Source records:

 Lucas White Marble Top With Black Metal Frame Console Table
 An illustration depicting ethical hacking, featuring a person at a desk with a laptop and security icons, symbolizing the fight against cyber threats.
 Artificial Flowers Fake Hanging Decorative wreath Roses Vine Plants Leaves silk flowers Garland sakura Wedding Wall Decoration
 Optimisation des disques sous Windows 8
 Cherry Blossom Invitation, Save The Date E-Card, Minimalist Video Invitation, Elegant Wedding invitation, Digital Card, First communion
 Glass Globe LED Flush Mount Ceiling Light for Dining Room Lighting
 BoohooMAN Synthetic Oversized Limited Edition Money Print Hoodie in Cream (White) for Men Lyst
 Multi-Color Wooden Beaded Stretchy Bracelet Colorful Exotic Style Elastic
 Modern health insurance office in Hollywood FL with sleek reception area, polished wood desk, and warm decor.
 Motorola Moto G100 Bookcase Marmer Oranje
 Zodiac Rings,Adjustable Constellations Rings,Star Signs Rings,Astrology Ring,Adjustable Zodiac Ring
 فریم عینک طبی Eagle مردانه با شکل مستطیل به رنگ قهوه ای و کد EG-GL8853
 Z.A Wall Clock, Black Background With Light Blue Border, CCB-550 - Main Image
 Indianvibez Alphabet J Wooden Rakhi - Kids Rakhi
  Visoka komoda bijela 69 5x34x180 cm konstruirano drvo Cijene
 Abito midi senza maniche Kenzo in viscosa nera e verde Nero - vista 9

WHAT IS REQUIRED — Transcribe the lines from the first line of the records through the line that contains "Optimisation des disques sous Windows 8", both included, and add nothing else.

ANSWER —
 Lucas White Marble Top With Black Metal Frame Console Table
 An illustration depicting ethical hacking, featuring a person at a desk with a laptop and security icons, symbolizing the fight against cyber threats.
 Artificial Flowers Fake Hanging Decorative wreath Roses Vine Plants Leaves silk flowers Garland sakura Wedding Wall Decoration
 Optimisation des disques sous Windows 8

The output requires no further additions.